Task description: Word for word, repeat the lines of the records from the first line up to and including the line that contains "300mm Nigeria Flexible Cable and Wires", passing over any pictures.

-*-*-

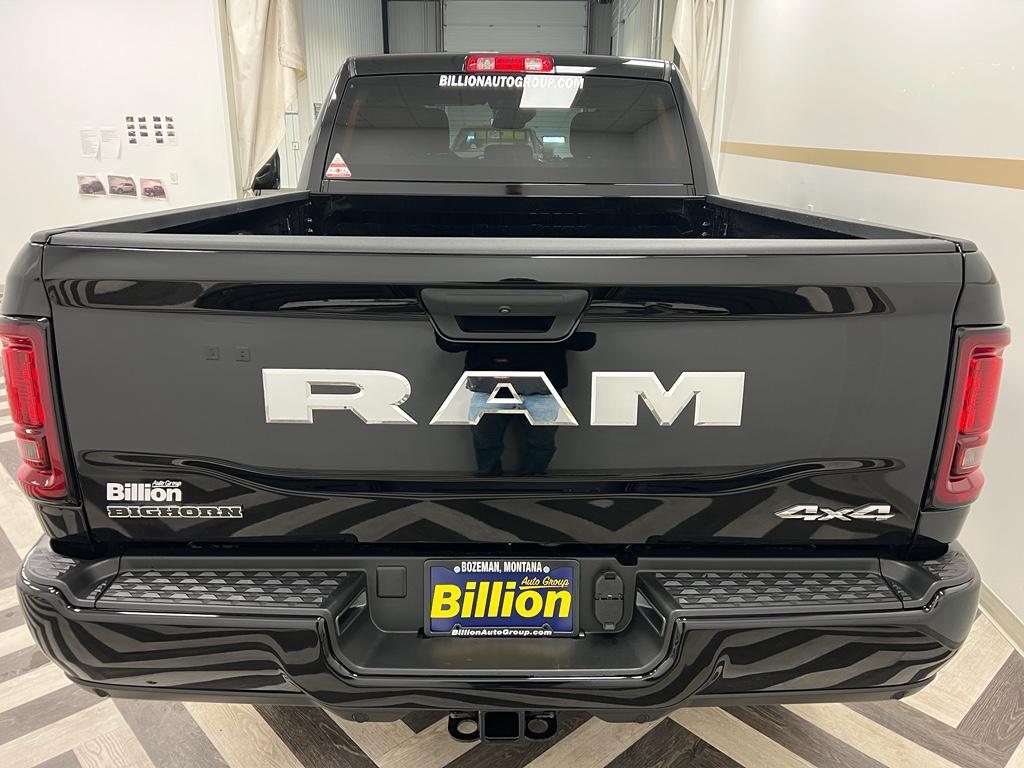 new 2026 Ram 2500 car, priced at $71,551
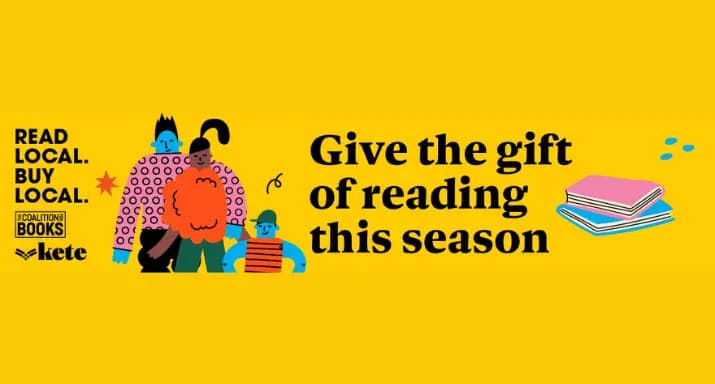 Booksellers NZ 2025 Summer Reading: Full collection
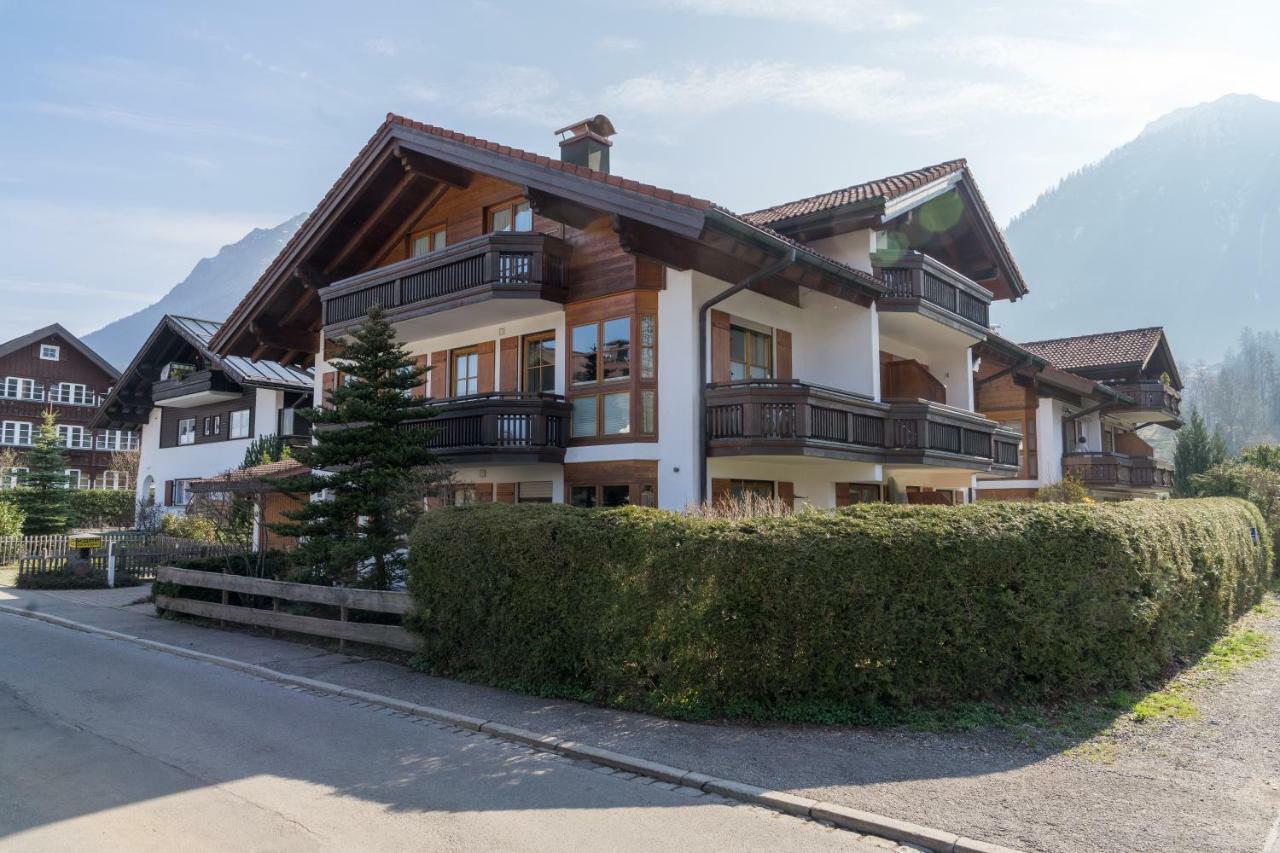 Apartment Haus Alpenkönig *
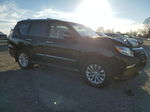 2015 Lexus Gx 460 Black vin: JTJBM7FX8F5096981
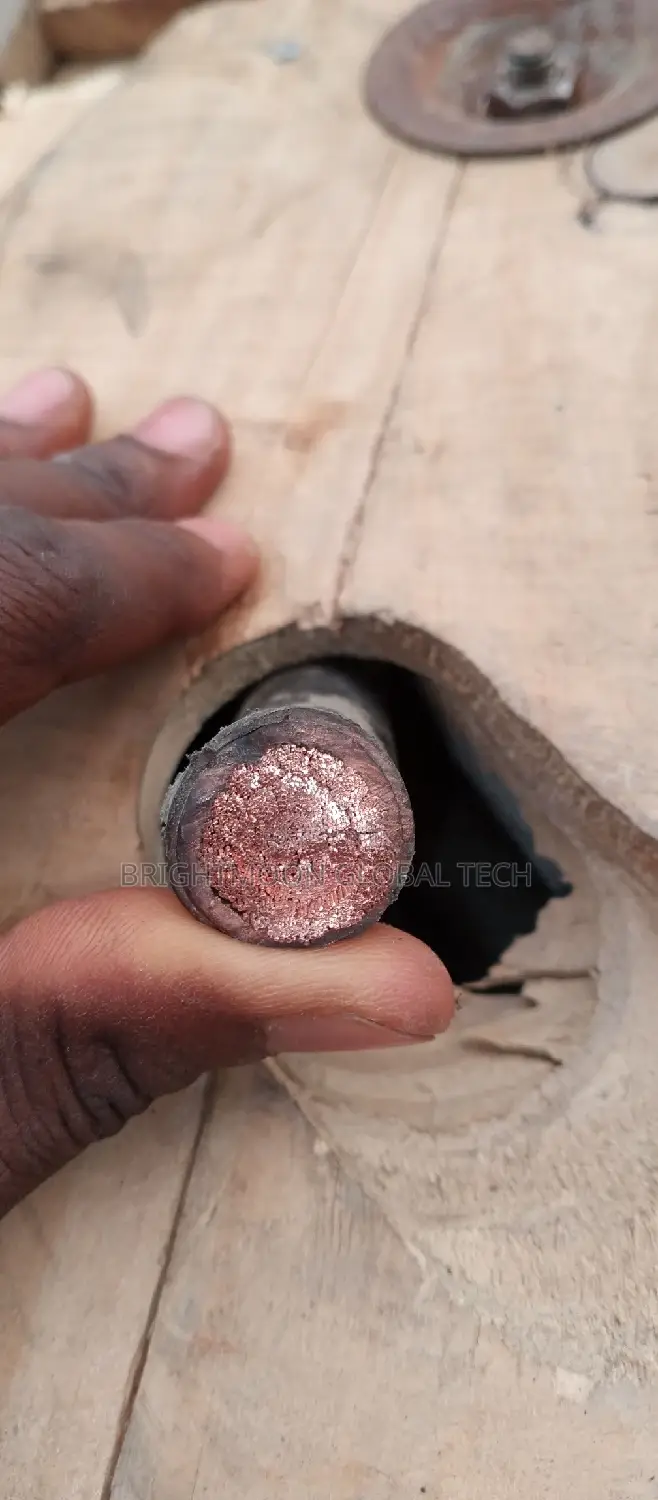 300mm Nigeria Flexible Cable and Wires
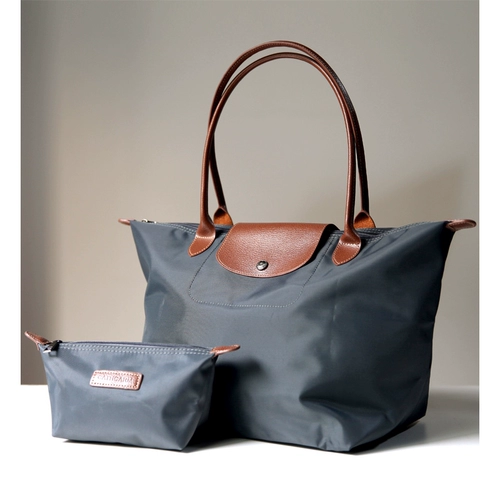 Летняя сумка, вместительный и большой нейлоновый шоппер для матери и ребенка, портативная барсетка, коллекция 2022, коллекция 2021, изысканный стиль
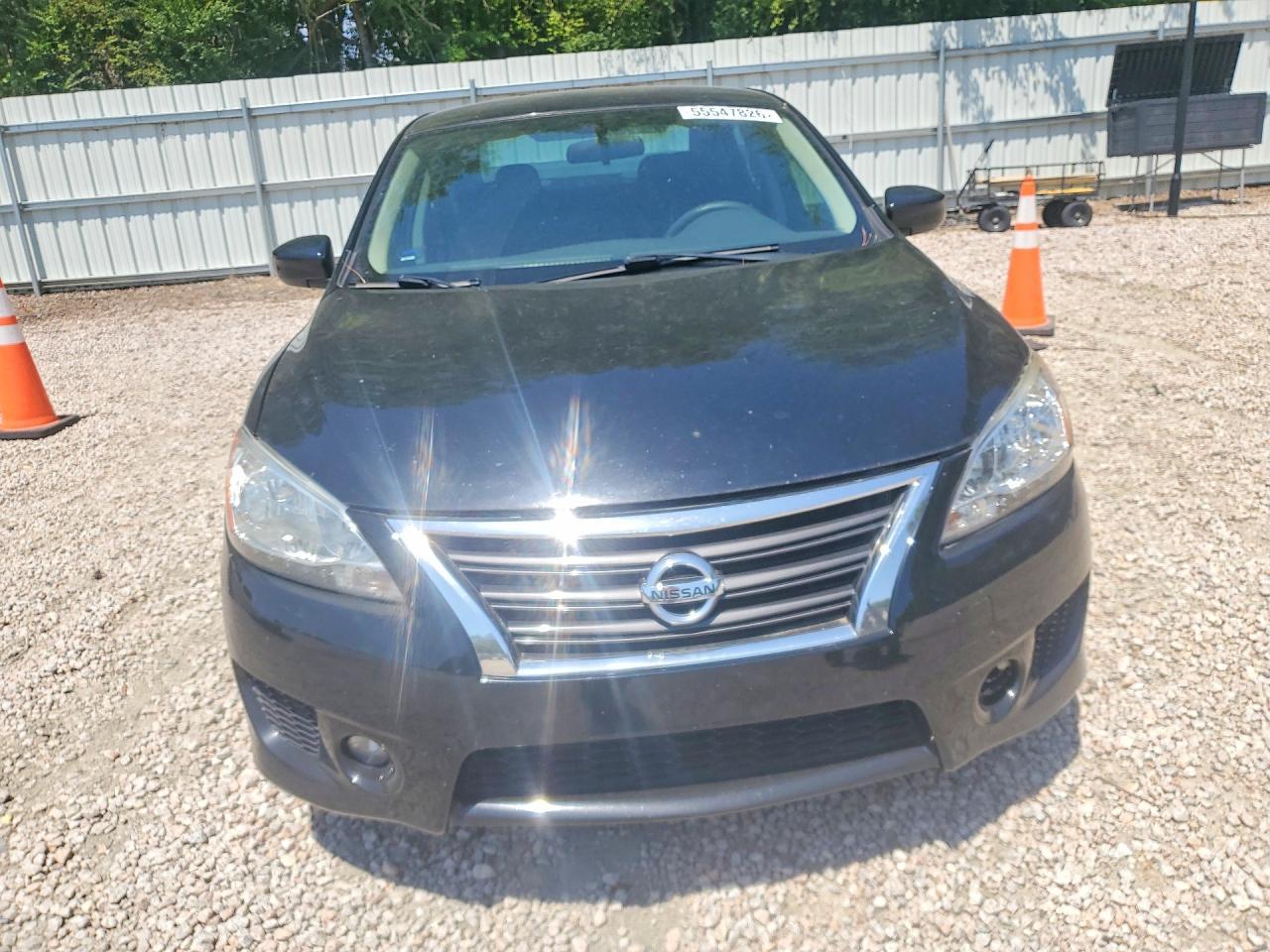 2013 Nissan Sentra S - Image 5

-*-*-

Completed task:
 new 2026 Ram 2500 car, priced at $71,551
 Booksellers NZ 2025 Summer Reading: Full collection
 Apartment Haus Alpenkönig *
 2015 Lexus Gx 460 Black vin: JTJBM7FX8F5096981
 300mm Nigeria Flexible Cable and Wires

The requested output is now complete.